White specks in the pupil.
August 20, 2007 2:36 AM   Subscribe

Dozens of white specks in my pupils, but what does it mean?

I went in for an eye exam, one that was given for free at my glasses store. The optometrist during the exam told me that I have "dozens of white specks" in my pupils. (It's been a couple weeks, but I'm fairly certain he said pupil, as he remarked on this after he looked into my eyes through the pupils.) The specks were found in both eyes. These specks are not visible when I look in the mirror, nor do they affect my vision as far as I can tell. I do not remember if he said they are stationary or swimming around, so to speak.

I have had dozens of eye exams before, the most recent before that was about 7 months before this one. No other examiner has mentioned white specks. When I asked him if this was going to develop into a problem, he sort of shrugged and seemed very non-chalant. He did not tell me what it could be or mean. Is this common, or is it something I should have examined immediately?

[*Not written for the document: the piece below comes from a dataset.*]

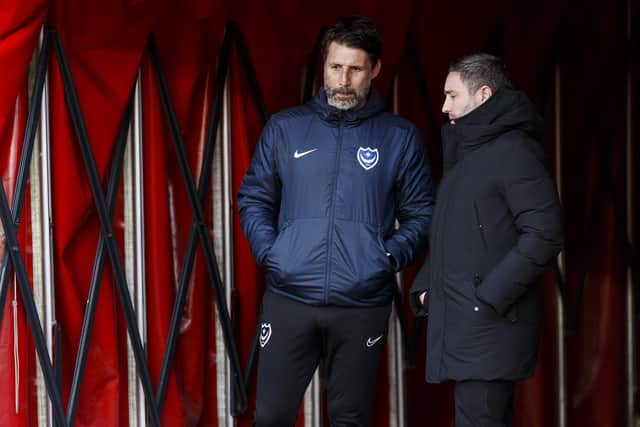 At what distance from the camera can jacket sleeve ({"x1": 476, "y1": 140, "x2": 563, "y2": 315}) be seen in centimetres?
304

The optomitirist's unconcerned reaction makes me think it's something I shouldn't be worried with, but the fact that it hasn't been previously mentioned to me makes me a bit concerned.

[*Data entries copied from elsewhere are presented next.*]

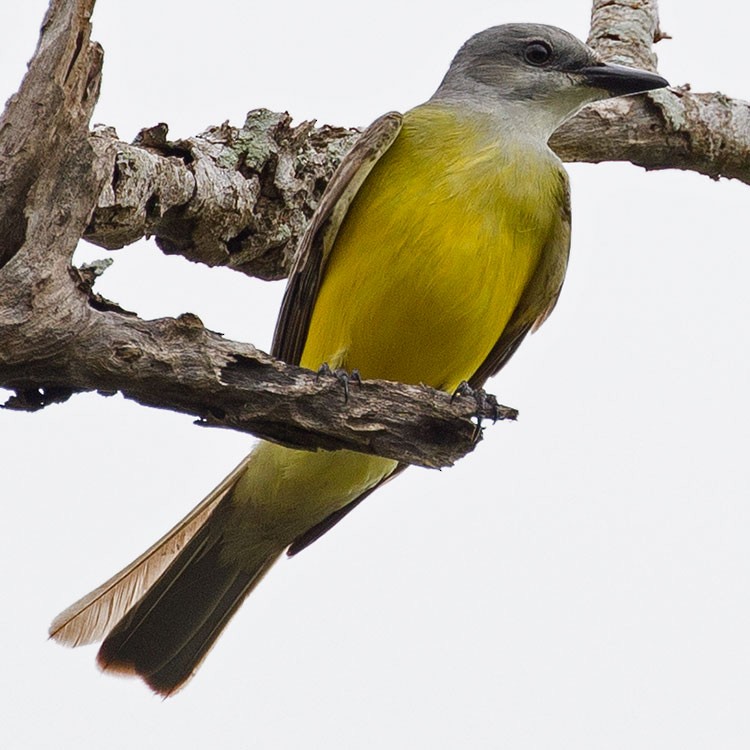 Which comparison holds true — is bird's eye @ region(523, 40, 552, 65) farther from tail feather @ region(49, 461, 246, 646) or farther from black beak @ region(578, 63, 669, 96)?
tail feather @ region(49, 461, 246, 646)

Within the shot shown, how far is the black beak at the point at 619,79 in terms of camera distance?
6.45m

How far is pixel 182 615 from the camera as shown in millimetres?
6312

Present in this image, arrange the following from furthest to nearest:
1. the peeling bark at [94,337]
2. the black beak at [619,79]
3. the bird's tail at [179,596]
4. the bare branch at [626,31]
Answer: the bare branch at [626,31]
the black beak at [619,79]
the bird's tail at [179,596]
the peeling bark at [94,337]

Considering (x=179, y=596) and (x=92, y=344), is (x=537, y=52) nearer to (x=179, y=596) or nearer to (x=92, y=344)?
(x=179, y=596)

Information that may or may not be useful: 22 year old woman, never wore contacts, nearsighted, have been wearing glasses full time for about 8 years.
posted by piratebowling to Health & Fitness (8 answers total)
 
The person that did your eye exam is an optometrists, who only really has to know about fitting you for glasses / contacts. You need to schedule an appointment with an ophthalmologist who can tell you for sure if you have an issue. There are a lot of medical sites out there with information about "white spots," but no specific diagnosis that I could match to what you are describing. Who knows, maybe he was looking into your eye with an instrument that had dust on the lens.

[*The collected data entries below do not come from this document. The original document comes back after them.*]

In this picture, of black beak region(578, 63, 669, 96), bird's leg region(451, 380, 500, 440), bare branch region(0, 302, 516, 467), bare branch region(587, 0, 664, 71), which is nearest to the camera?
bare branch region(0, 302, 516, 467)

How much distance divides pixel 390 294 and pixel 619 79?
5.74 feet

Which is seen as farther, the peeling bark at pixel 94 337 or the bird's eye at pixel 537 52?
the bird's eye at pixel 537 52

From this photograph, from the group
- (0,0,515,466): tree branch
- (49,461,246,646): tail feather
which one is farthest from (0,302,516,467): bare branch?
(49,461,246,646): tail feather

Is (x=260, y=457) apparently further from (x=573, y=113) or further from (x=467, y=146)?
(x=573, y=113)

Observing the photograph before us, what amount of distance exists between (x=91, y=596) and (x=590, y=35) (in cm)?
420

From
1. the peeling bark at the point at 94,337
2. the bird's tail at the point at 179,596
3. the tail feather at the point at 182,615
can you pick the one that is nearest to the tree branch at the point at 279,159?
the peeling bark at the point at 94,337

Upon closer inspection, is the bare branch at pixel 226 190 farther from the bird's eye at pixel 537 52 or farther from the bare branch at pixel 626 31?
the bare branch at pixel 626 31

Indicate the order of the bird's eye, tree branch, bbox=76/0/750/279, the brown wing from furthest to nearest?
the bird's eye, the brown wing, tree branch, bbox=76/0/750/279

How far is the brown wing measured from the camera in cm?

Have a professional take a look at your eyes.
posted by B(oYo)BIES at 2:56 AM on August 20, 2007


Yeah, I thought that part of this may be a Optometrist vs. Opthamologist issue, so thanks for mentioning that as well.
posted by piratebowling at 4:48 AM on August 20, 2007


It sounds a bit like floaters, especially since you're nearsighted, except you say they aren't affecting your vision. You're lucky, if so - I'm your age and they've recently become much more noticeable for me. They're nearly always benign, which is probably why the optometrist didn't seem fussed about them.
posted by Drexen at 5:49 AM on August 20, 2007


Optometrists are medical professionals with four years of training specifically in eye care, while opthamologists are MDs with a specialty in eye care (the same way a cardiologist specializes in heart-related matters, for example). Both are referred to as "doctors". The first poster is confusing optometrists with opticians, who are technicians who fit glasses and lenses. So you may want a second opinion, but you probably don't need an opthamologist, just a more communicative optometrist.

I am none of those professionals, but I do know that macular degeneration presents as white specks, so it is definitely worth checking out with someone who can give you more information.
posted by judith at 6:05 AM on August 20, 2007


I saw a new optometrist last week and was told I had many tiny congenital cataracts - said they looked like little grains of salt, they've always been there, and they do not and will not affect my vision - he only mentioned them so that I would be aware in case of a cataract investigation in the distant future. I grew up going to an ophthalmologist who never remarked on them - my impression was they're common and harmless.
posted by zepheria at 9:43 AM on August 20, 2007


Several pharmaceuticals can leave deposits in the eye. Are you on medications? And, I'll second that about optometrists. They receive a lot of instruction in eye disease and should have been able to give more information as to what are possible causes. An ophthamologist is a physician's specialty and the person would have had less training regarding the eye, but more regarding surgery and other health problems that may present in the eye. I would trust an optometrist more on general eye matters and an ophthamologist on eye surgery.
posted by dances_with_sneetches at 11:09 AM on August 20, 2007


An ophthamologist [sic] is a physician's specialty and the person would have had less training regarding the eye, but more regarding surgery
I don't want to get bogged down in an optometrist/ophthalmologist debate here, but it is not accurate to characterize optometrists as having a greater medical knowledge of the eye than an ophthalmologist.

And if you don't believe a random person on the internet (disclaimer: my father is an ophthalmologist), here is a random quote from the internet:
An ophthalmologist is qualified to deliver total eye care, meaning vision services, eye examinations, medical and surgical eye care, and diagnosis and treatment of disease and visual complications that are caused by other conditions, like diabetes.
As to your question, I would say that you should go back to your (or another) optometrist, and if they can cannot tell you with 100% certainty exactly what they are looking at, that you should go see an ophthalmologist.
posted by misterbrandt at 12:57 PM on August 20, 2007


The primary symptom of white specks is that they keep you from seeing white specks in your eyes.